Required action: Take the material below and reproduce, word for word, only the lines from the line with "Puzle decorativo de" through the line with "Balkonlu - Görsel 9".

Data extracts:
....

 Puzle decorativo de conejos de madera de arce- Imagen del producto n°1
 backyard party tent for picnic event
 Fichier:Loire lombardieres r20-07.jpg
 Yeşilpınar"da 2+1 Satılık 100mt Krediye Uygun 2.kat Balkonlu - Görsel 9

....

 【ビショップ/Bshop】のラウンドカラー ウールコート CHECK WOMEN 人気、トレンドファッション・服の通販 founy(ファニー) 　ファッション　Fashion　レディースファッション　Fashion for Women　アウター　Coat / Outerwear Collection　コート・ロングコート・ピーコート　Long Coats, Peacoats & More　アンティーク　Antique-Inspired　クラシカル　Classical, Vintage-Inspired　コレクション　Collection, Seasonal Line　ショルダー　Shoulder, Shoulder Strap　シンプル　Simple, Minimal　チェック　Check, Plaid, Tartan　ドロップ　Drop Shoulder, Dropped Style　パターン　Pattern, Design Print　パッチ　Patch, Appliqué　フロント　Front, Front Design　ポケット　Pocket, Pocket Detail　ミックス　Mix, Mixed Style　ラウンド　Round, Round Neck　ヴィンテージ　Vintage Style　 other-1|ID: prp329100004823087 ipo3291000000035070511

....

Reply to the exercise:
 Puzle decorativo de conejos de madera de arce- Imagen del producto n°1
 backyard party tent for picnic event
 Fichier:Loire lombardieres r20-07.jpg
 Yeşilpınar"da 2+1 Satılık 100mt Krediye Uygun 2.kat Balkonlu - Görsel 9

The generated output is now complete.